THE TASK |
Would you retype exactly the lines below, starting with the one that has "french sign language" and going on through the one that has "Geschäftsklima-Umfrage: Positive Geschäftsentwicklung", with no pictures and nothing else?

DATA FOR THIS TASK |
--- --- ---
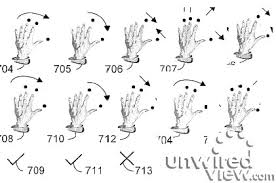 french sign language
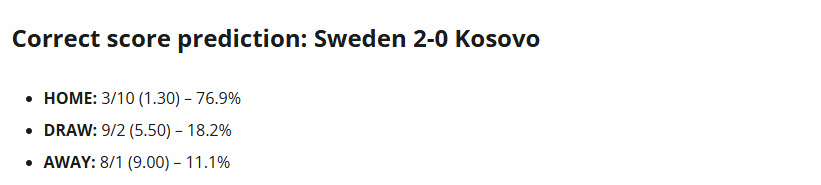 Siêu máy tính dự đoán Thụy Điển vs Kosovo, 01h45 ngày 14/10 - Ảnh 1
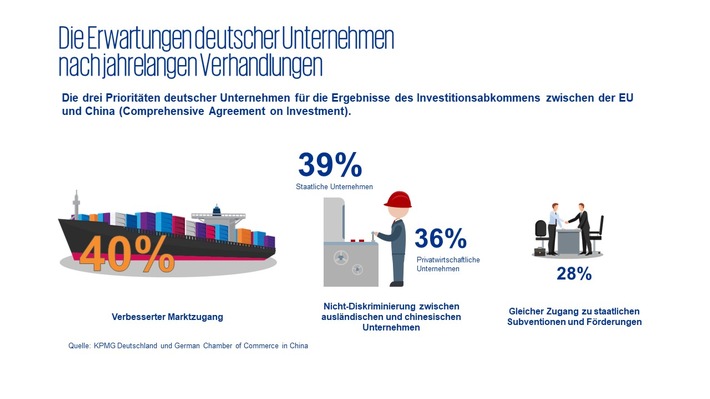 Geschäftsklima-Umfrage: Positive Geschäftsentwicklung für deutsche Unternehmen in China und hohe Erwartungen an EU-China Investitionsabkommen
--- --- ---
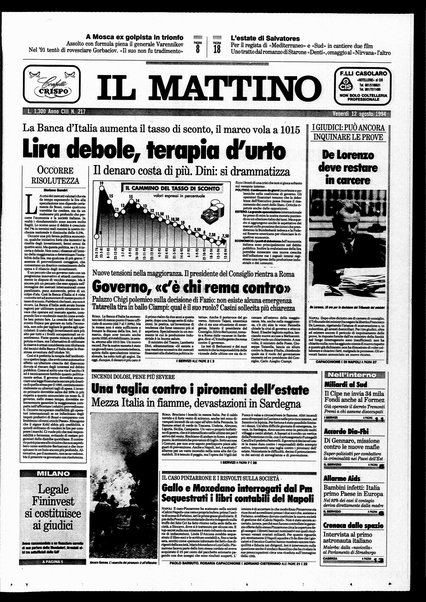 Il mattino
--- --- ---
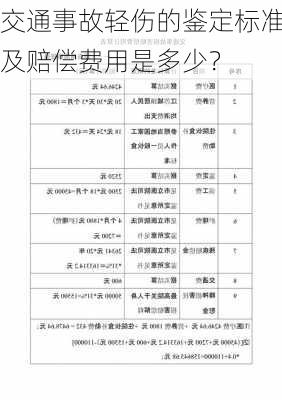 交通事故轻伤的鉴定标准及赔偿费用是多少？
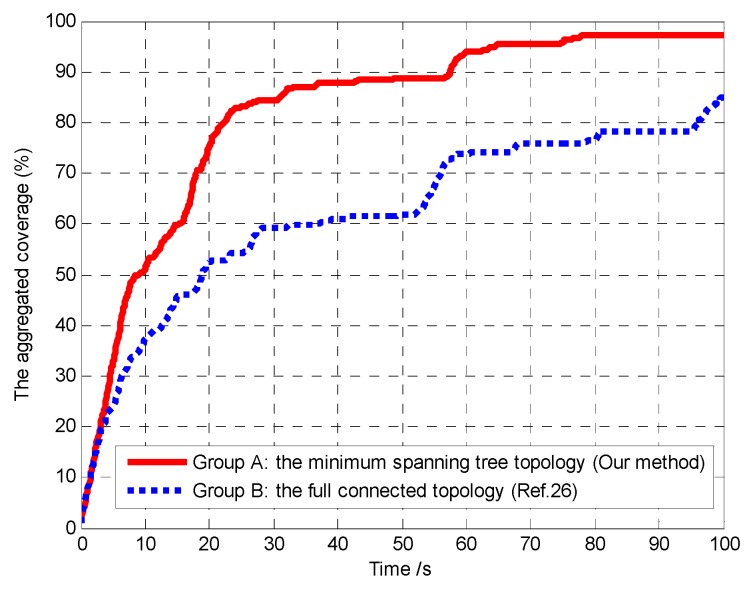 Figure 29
--- --- ---
ANSWER TO THIS PROBLEM |
 french sign language
 Siêu máy tính dự đoán Thụy Điển vs Kosovo, 01h45 ngày 14/10 - Ảnh 1
 Geschäftsklima-Umfrage: Positive Geschäftsentwicklung für deutsche Unternehmen in China und hohe Erwartungen an EU-China Investitionsabkommen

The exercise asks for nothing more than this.